“Well,” says he, “the thing hasn’t struck me yet.”
“Struck you; what do you mean?”
“Well,” said he, “I go to church, and I hear you preach, and I hear other men preach, but the thing hasn’t struck me yet; it strikes some people, but it hasn’t struck me yet.”
That was all that I could get out of him. There are a good many men who reason in that way. They have heard some young converts tell how light dawned upon them like the flash of a meteor; how they experienced a new sensation; and so they are waiting for something of the kind. But you can’t find any place in Scripture where you are told to wait for anything of the kind. You are just to obey what God tells you to do, and let your feelings take care of themselves. I can’t control my feelings. I can’t make myself feel good and bad when I want to, but I can obey God. God gives me the power. He doesn’t command me to do something and not give me the power to do it. With the command comes the power.
Now, Naaman could do what the prophet told him; he could go down to the Jordan, and he could dip seven times; and that is what the Lord had for him to do; and if we are going to get into the kingdom of God, right at the threshold of that kingdom we have to learn this doctrine of obedience, to do whatsoever He tells us.
I can fancy Naaman still reluctant to believe in it, saying, “Why, if there is such cleansing power in the waters of Jordan, would not every leper in Israel go down and dip in them, and be healed?”

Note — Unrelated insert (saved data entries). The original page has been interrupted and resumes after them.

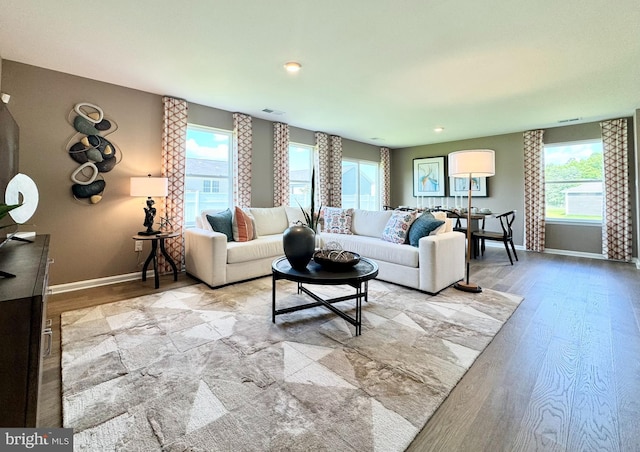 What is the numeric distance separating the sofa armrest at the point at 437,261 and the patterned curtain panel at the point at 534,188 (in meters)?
3.52

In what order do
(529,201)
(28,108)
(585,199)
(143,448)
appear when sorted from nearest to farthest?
(143,448)
(28,108)
(585,199)
(529,201)

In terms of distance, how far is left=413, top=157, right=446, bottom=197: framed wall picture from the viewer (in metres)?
7.23

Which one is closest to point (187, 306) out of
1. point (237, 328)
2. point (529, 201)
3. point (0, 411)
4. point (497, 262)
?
point (237, 328)

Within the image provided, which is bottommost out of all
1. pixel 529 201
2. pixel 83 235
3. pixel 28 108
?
pixel 83 235

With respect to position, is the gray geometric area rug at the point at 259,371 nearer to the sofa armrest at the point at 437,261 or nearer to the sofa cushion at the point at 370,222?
the sofa armrest at the point at 437,261

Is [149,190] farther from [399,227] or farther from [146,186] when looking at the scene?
[399,227]

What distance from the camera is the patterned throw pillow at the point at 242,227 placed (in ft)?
13.0

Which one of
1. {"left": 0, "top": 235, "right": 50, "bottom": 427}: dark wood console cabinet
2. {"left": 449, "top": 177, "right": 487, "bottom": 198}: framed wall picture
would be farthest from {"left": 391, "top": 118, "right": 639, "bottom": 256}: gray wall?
{"left": 0, "top": 235, "right": 50, "bottom": 427}: dark wood console cabinet

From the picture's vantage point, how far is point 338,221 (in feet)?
15.6

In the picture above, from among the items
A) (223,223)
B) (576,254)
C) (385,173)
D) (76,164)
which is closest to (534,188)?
(576,254)

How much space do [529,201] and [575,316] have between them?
4.01 m

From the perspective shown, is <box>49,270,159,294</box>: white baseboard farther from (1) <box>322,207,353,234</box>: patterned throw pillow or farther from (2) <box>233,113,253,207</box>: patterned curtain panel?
(1) <box>322,207,353,234</box>: patterned throw pillow

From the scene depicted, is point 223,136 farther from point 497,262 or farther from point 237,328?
point 497,262

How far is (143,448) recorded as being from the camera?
126 centimetres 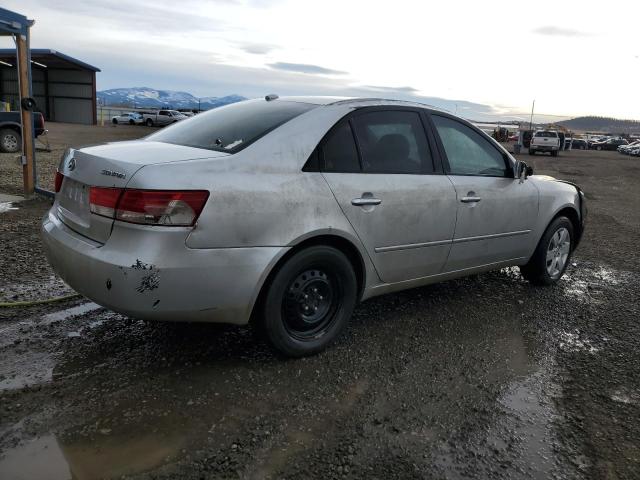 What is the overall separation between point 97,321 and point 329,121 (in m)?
2.19

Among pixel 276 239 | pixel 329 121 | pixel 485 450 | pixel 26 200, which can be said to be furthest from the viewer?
pixel 26 200

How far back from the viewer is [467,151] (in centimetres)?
443

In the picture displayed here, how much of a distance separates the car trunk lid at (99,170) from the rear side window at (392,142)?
1034 mm

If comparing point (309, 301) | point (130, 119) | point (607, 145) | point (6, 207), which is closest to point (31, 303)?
point (309, 301)

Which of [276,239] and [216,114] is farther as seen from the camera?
[216,114]

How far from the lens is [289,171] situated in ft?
10.7

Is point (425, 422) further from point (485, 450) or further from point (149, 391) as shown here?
point (149, 391)

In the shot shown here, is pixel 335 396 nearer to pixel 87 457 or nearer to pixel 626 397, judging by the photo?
pixel 87 457

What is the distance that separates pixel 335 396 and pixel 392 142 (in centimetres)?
182

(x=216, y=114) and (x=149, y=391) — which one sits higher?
(x=216, y=114)

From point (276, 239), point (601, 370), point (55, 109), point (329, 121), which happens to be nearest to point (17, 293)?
point (276, 239)

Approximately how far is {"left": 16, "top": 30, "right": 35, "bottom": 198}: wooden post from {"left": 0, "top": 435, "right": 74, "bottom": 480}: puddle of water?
23.0 feet

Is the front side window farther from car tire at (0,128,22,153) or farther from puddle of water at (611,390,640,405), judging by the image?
car tire at (0,128,22,153)

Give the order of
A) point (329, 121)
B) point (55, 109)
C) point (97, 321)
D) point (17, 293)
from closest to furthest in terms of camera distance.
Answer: point (329, 121) → point (97, 321) → point (17, 293) → point (55, 109)
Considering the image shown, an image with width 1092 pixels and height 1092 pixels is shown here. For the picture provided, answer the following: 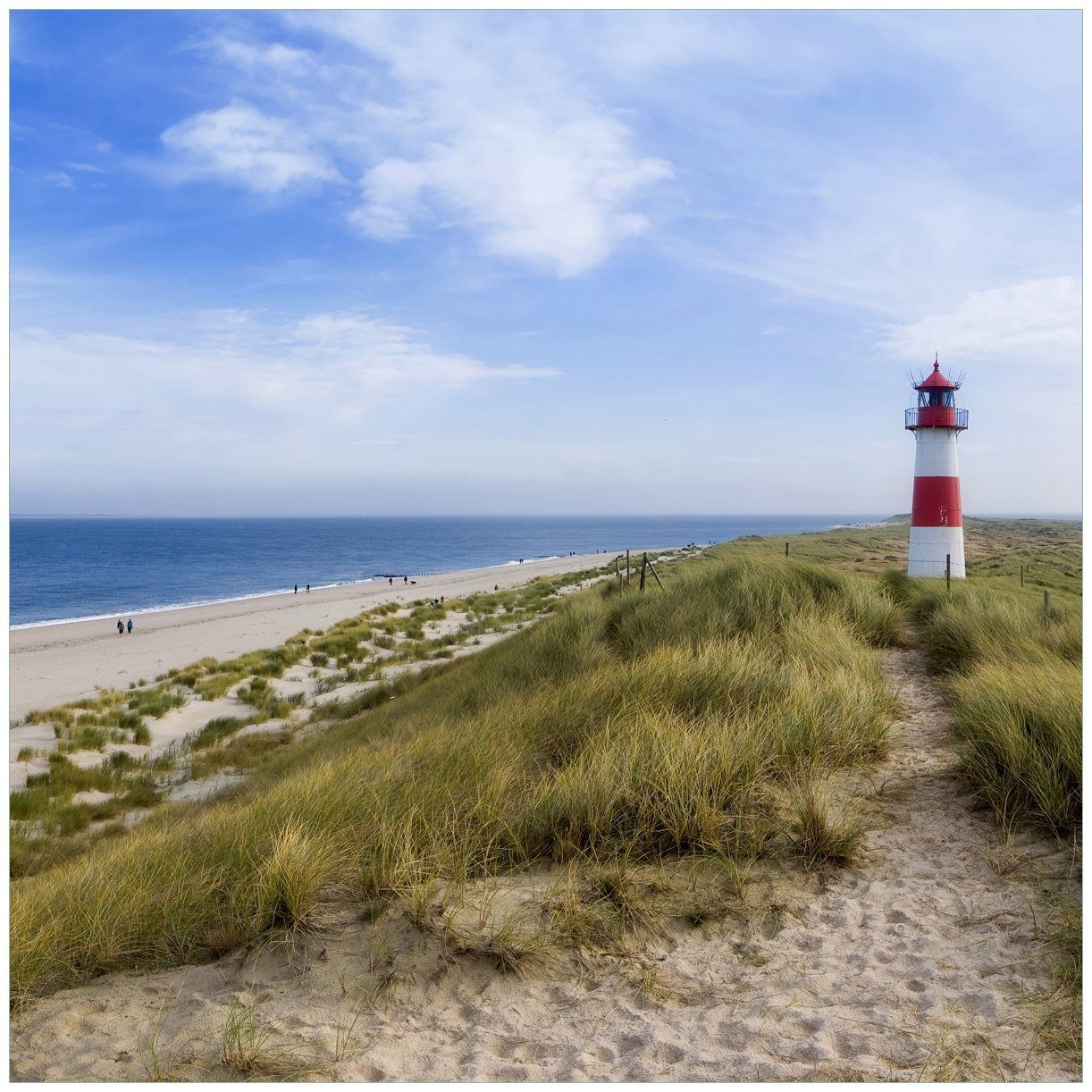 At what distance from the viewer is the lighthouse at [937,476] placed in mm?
18844

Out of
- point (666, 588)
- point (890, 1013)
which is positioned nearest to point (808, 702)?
point (890, 1013)

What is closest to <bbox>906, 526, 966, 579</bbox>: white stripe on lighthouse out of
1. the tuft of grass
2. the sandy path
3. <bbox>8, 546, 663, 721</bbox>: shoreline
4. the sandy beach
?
the tuft of grass

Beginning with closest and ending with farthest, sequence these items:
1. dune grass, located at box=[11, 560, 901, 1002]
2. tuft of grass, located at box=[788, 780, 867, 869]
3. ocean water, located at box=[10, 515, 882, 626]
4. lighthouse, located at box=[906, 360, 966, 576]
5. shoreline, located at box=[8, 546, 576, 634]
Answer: dune grass, located at box=[11, 560, 901, 1002] < tuft of grass, located at box=[788, 780, 867, 869] < lighthouse, located at box=[906, 360, 966, 576] < shoreline, located at box=[8, 546, 576, 634] < ocean water, located at box=[10, 515, 882, 626]

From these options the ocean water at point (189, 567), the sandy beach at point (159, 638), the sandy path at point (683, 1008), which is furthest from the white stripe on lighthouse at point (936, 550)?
the ocean water at point (189, 567)

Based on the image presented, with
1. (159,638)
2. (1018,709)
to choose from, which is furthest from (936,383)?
(159,638)

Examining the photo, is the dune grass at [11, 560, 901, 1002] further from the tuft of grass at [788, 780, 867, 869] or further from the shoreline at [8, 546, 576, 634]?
the shoreline at [8, 546, 576, 634]

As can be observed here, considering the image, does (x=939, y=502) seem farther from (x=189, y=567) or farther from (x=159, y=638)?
(x=189, y=567)

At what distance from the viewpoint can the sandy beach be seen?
2000cm

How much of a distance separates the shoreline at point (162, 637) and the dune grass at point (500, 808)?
14.0 m

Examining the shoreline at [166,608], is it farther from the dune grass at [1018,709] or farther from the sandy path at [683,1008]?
the dune grass at [1018,709]

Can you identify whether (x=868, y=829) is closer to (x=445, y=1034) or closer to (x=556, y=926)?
(x=556, y=926)

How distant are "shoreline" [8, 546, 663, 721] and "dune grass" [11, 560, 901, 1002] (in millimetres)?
13971

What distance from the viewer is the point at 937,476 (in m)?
19.1

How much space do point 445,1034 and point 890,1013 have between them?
6.06 feet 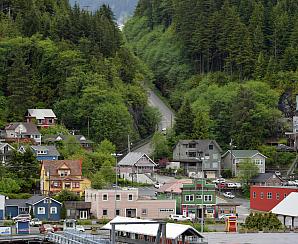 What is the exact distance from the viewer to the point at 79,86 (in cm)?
7575

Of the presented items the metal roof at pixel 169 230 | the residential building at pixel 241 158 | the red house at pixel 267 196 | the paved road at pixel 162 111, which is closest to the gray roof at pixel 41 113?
the paved road at pixel 162 111

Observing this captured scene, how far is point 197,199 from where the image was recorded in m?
55.4

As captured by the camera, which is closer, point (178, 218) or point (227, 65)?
point (178, 218)

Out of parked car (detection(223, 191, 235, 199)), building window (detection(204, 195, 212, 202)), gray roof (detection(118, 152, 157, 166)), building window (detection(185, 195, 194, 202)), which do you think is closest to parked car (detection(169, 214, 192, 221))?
building window (detection(204, 195, 212, 202))

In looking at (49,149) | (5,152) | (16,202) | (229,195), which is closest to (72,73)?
(49,149)

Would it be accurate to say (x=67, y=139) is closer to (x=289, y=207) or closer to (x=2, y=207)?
(x=2, y=207)

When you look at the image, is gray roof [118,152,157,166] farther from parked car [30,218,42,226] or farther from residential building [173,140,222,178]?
parked car [30,218,42,226]

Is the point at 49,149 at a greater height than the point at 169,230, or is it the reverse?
the point at 49,149

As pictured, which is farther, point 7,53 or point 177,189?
point 7,53

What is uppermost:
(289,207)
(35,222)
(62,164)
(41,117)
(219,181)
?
(41,117)

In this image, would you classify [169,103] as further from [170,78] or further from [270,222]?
[270,222]

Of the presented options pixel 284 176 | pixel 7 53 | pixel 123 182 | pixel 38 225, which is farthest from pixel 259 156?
pixel 38 225

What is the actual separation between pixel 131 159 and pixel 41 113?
838 centimetres

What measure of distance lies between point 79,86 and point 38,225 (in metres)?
29.3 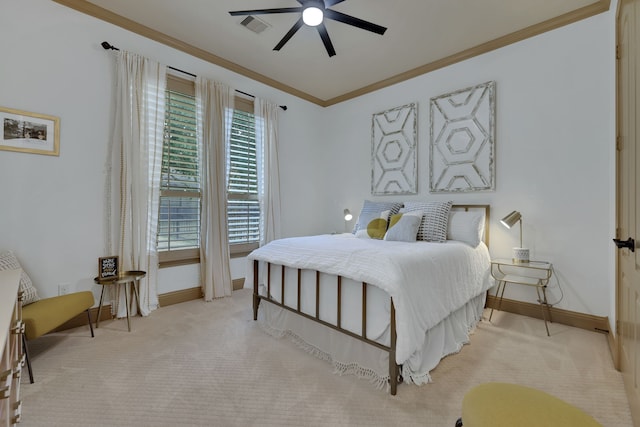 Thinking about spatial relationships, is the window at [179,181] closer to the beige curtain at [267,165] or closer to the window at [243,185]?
the window at [243,185]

“Well, but you know,” urges the servant, “now that you have come a hundred and fifty miles, don’t you think you had better do what he tells you? After all, you can but try it. He sends word distinctly, my lord, that your flesh shall come again as that of a little child.”
Naaman accepts this word in season. His anger is cooling down. He has got over the first flush of his indignation. He says:
“Well, I think I might as well try it.”